Dr. Noah Craft, a dermatologist with the Los Angeles Biomedical Research Institute, is one of several doctors across the country who have linked the rotting skin to tainted coke. The gruesome wounds surface days after a hit because of an immune reaction that attacks the blood vessels supplying the skin. Without blood, the skin starves and suffocates.

The condition is not the same as a case of flesh-eating bacteria and is managed by facilitating the drug’s clearance from the body. Once it is cleared from the body, the wounds do heal, leaving behind a shiny scar. However, each individual’s reaction is different and may be acute. Dr. Lindy Fox of the University of California, San Francisco, said she once saw a photo of a man whose entire body, face included, was black with dying flesh. Although some people might be more vulnerable to the effects of levamisole, the drug doesn't discriminate based on race or socioeconomic status. All appear to be equally vulnerable.

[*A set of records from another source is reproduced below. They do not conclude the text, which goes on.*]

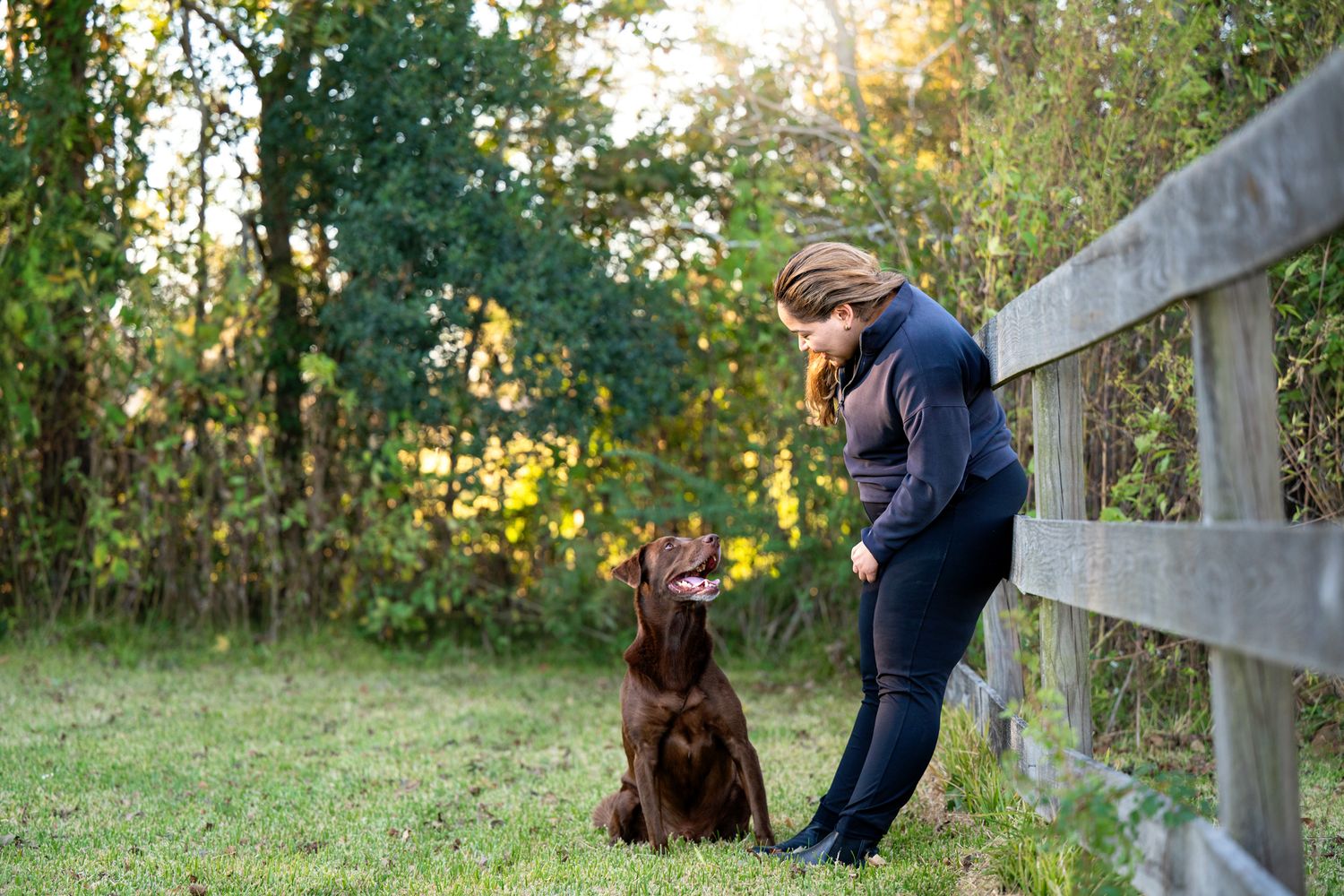 A chocolate labrador retriever stares adoringly at his owner in a grassy field during golden hour.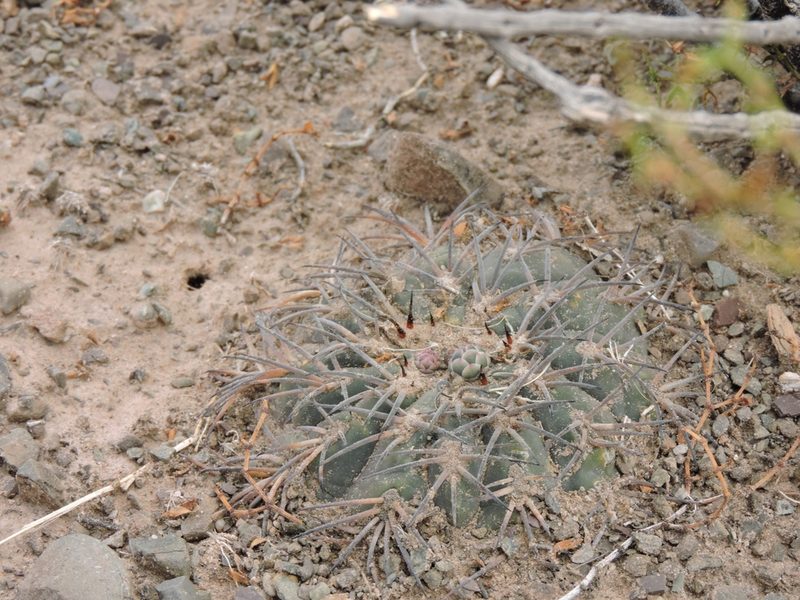 Gymnocalycium spegazzinii, photographed by Mariana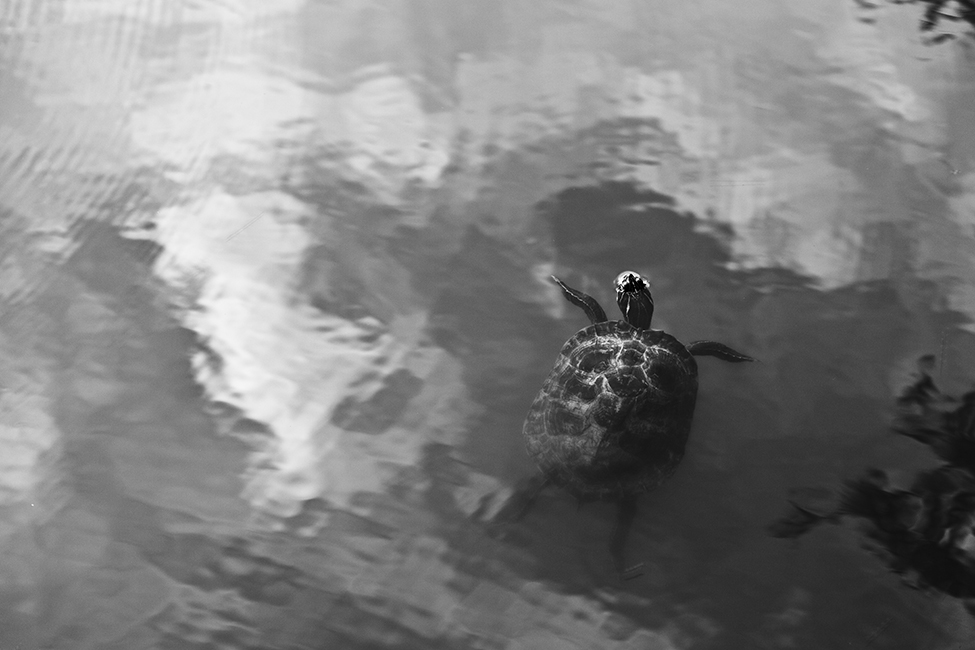 10_plataformadesalto_SebastianBejarano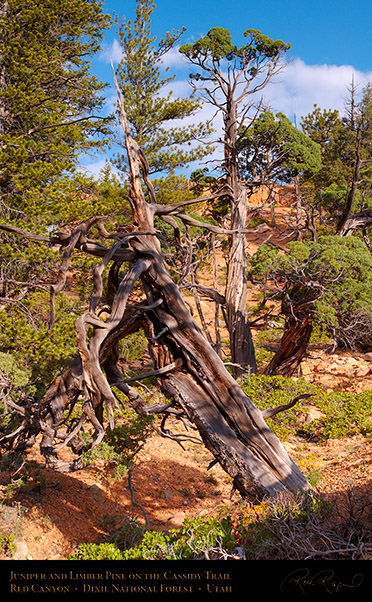 Red_Canyon_Juniper_Limber_Pine_Cassidy_Trail_X2186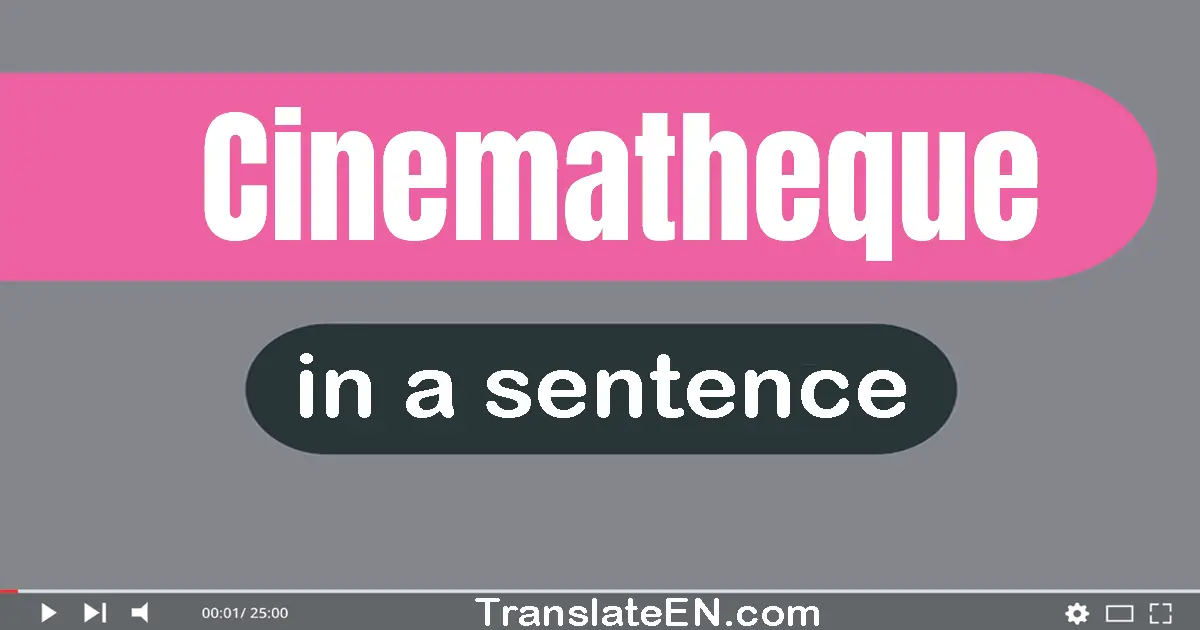 Use "cinematheque" in a sentence | "cinematheque" sentence examples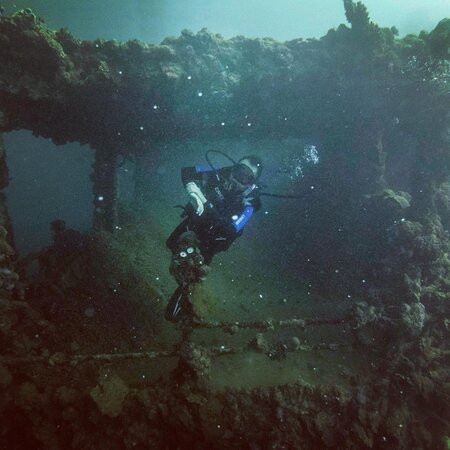 Red Sea Secret Diving Center景点图片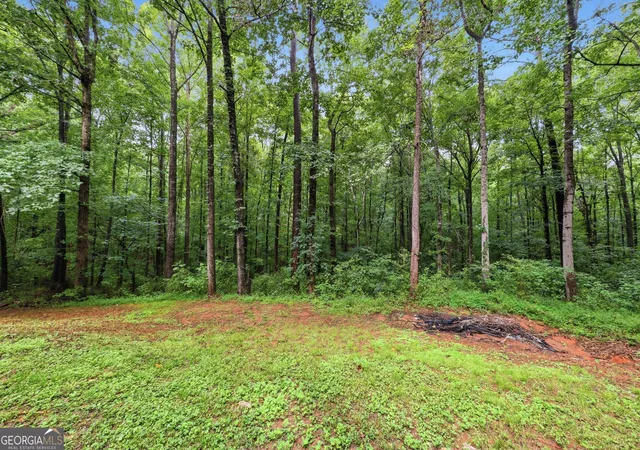 36th image of 208 Foxdale Ct, Lagrange, GA 30240 | MLS# 10822796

Levamisole also prevents the bone marrow from producing infection-fighting white blood cells, which leaves a user in a vulnerable condition similar to HIV. The individual is doubly vulnerable: he or she may contract an unusual infectious condition because of a compromised immune system, and the open lesions in the flesh leave the body vulnerable to acquiring an infection through the wounds, such as MRSA (a drug resistant form of staph infection).

Ingesting levamisole is a gamble. Some people appear not to be affected by the skin rotting condition after taking cocaine, while others, vulnerable in some as-yet not identifiable way, develop a reaction over days after use. Long-term exposure to levamisole may lead to other complications, of which we are currently unaware because of the novelty of the phenomenon.